▸ **EXERCISE REQUIREMENTS**
Repeat all entries exactly.

▸ **DATA SHOWN**
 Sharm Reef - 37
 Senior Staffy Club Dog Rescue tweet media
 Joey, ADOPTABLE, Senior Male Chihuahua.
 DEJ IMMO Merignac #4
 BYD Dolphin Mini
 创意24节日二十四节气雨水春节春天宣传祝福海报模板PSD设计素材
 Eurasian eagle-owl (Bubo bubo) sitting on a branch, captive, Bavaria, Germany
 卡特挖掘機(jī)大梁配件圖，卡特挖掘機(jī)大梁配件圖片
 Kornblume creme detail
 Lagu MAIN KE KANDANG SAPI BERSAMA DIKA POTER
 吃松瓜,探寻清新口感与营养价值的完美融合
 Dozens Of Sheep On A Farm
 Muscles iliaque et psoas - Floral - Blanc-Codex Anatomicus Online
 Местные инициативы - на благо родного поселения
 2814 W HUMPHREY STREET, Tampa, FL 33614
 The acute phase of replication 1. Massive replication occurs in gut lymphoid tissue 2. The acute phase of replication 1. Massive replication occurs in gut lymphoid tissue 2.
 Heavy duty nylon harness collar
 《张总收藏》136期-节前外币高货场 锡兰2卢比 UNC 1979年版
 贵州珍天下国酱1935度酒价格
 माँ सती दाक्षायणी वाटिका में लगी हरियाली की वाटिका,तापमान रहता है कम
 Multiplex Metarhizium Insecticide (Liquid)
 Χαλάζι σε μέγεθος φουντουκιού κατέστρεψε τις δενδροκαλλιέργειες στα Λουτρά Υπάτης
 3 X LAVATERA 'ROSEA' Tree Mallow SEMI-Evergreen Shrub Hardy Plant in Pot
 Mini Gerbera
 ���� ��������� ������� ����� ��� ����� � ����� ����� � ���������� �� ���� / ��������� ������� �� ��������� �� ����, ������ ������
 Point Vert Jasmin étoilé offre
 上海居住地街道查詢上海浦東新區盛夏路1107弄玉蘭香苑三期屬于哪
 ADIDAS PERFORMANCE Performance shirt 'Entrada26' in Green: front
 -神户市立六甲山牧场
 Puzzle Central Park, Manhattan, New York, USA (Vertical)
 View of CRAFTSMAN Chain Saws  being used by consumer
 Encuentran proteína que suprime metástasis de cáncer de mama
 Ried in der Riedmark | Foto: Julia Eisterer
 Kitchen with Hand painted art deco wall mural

▸ **YOUR RESPONSE**
 Sharm Reef - 37
 Senior Staffy Club Dog Rescue tweet media
 Joey, ADOPTABLE, Senior Male Chihuahua.
 DEJ IMMO Merignac #4
 BYD Dolphin Mini
 创意24节日二十四节气雨水春节春天宣传祝福海报模板PSD设计素材
 Eurasian eagle-owl (Bubo bubo) sitting on a branch, captive, Bavaria, Germany
 卡特挖掘機(jī)大梁配件圖，卡特挖掘機(jī)大梁配件圖片
 Kornblume creme detail
 Lagu MAIN KE KANDANG SAPI BERSAMA DIKA POTER
 吃松瓜,探寻清新口感与营养价值的完美融合
 Dozens Of Sheep On A Farm
 Muscles iliaque et psoas - Floral - Blanc-Codex Anatomicus Online
 Местные инициативы - на благо родного поселения
 2814 W HUMPHREY STREET, Tampa, FL 33614
 The acute phase of replication 1. Massive replication occurs in gut lymphoid tissue 2. The acute phase of replication 1. Massive replication occurs in gut lymphoid tissue 2.
 Heavy duty nylon harness collar
 《张总收藏》136期-节前外币高货场 锡兰2卢比 UNC 1979年版
 贵州珍天下国酱1935度酒价格
 माँ सती दाक्षायणी वाटिका में लगी हरियाली की वाटिका,तापमान रहता है कम
 Multiplex Metarhizium Insecticide (Liquid)
 Χαλάζι σε μέγεθος φουντουκιού κατέστρεψε τις δενδροκαλλιέργειες στα Λουτρά Υπάτης
 3 X LAVATERA 'ROSEA' Tree Mallow SEMI-Evergreen Shrub Hardy Plant in Pot
 Mini Gerbera
 ���� ��������� ������� ����� ��� ����� � ����� ����� � ���������� �� ���� / ��������� ������� �� ��������� �� ����, ������ ������
 Point Vert Jasmin étoilé offre
 上海居住地街道查詢上海浦東新區盛夏路1107弄玉蘭香苑三期屬于哪
 ADIDAS PERFORMANCE Performance shirt 'Entrada26' in Green: front
 -神户市立六甲山牧场
 Puzzle Central Park, Manhattan, New York, USA (Vertical)
 View of CRAFTSMAN Chain Saws  being used by consumer
 Encuentran proteína que suprime metástasis de cáncer de mama
 Ried in der Riedmark | Foto: Julia Eisterer
 Kitchen with Hand painted art deco wall mural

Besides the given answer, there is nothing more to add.